Sarcoidosis with Arteriovenous Malformation in a 15-Year-Old Girl - The Rarest of the Rare.

Frontiers in pediatrics

Iman Qaiser, Kanwal Nayani, Shakeel Ahmed, Rehan Ali, Mehnaz Atiq

Affiliations

  1. Medical College, Aga Khan University , Karachi , Pakistan.
  2. Department of Pediatrics, Aga Khan University , Karachi , Pakistan.

PMID: 26442237 PMCID: PMC4585201 DOI: 10.3389/fped.2015.00077

Abstract

INTRODUCTION: Sarcoidosis is an uncommon multi-system disorder with many possible complications. Arteriovenous malformations (AVMs) are a rare vascular complication of sarcoidosis.

CASE DESCRIPTION: A 15-year-old girl presented to the Pediatric Clinic at AKUH with pulmonary, hepatic, joint, and skin manifestations. Physical examination and investigations pointed toward sarcoidosis, including raised erythrocyte sedimentation rate, angiotensin converting enzyme (ACE), and alanine transaminase (ALT). An incidental finding of pulmonary arteriovenous malformation (PAVM) was noticed on echocardiography. She responded to oral corticosteroids, her ACE and ALT levels improved. There was lack of indication for pulmonary angio-embolization for her PAVM. On a 3-year follow-up, her condition improved and she is clinically well.

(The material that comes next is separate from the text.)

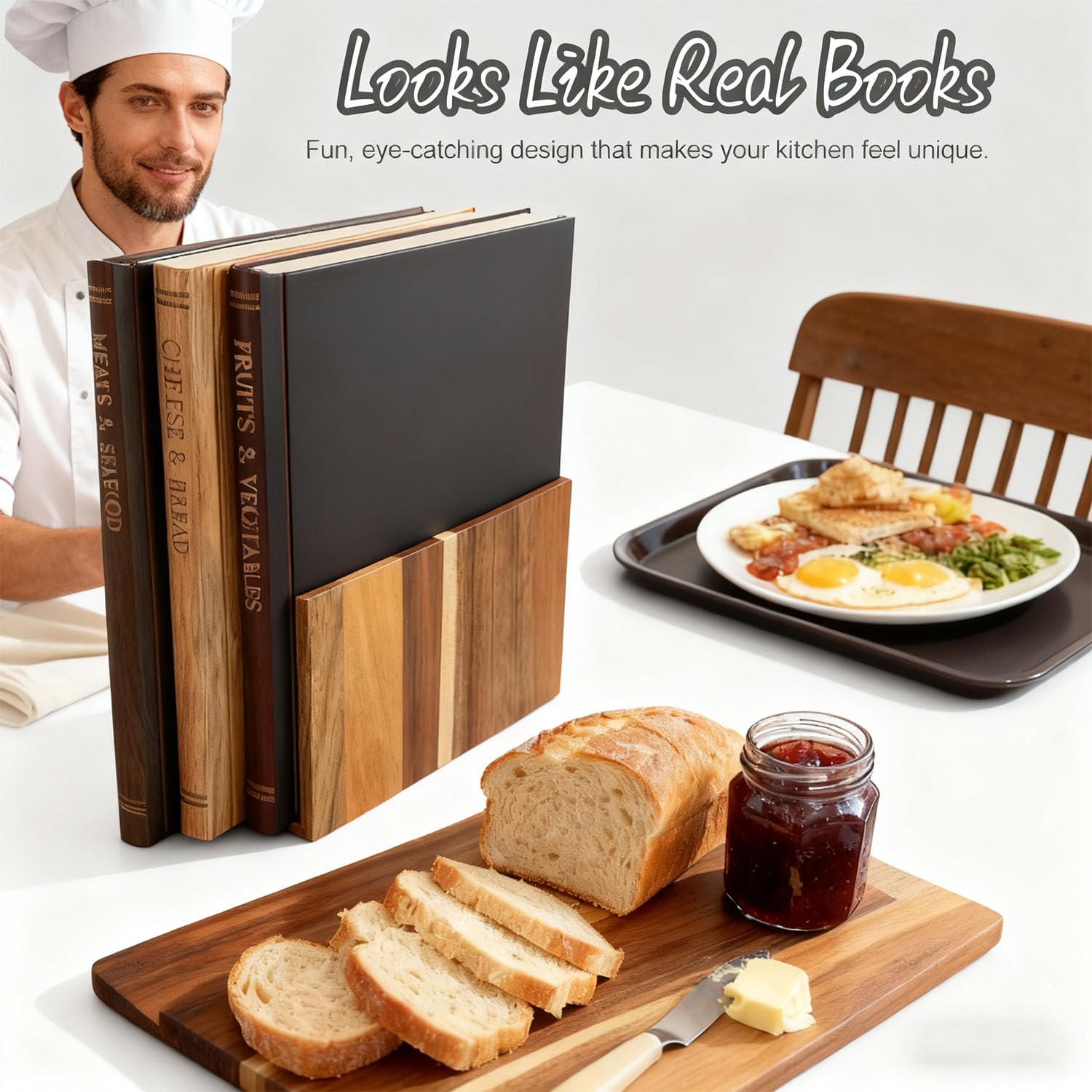 Tabla de cortar que parece libros - Juego de tablas de cortar con tabla de cortar con soporte para decoración de cocina y preparación de comidas (33 x 25,5 x 1,9 cm)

DISCUSSION: Pulmonary arteriovenous malformation is an extremely rare complication of sarcoidosis, especially among the pediatric population. Hence, this is the first reported case of its kind. The relation between sarcoidosis and PAVM is difficult to establish; however, there are some theories. This condition may be treated depending on the symptoms. Since our patient did not have any significant symptoms of PAVM, she was treated for the underlying disease, i.e., sarcoidosis.

CONCLUSION: While dealing with patients having multi-system disorders like sarcoidosis, one must be very vigilant so as not to miss out on any complication. Regular follow-up visits should be scheduled to rule out new complications and to monitor the past ones.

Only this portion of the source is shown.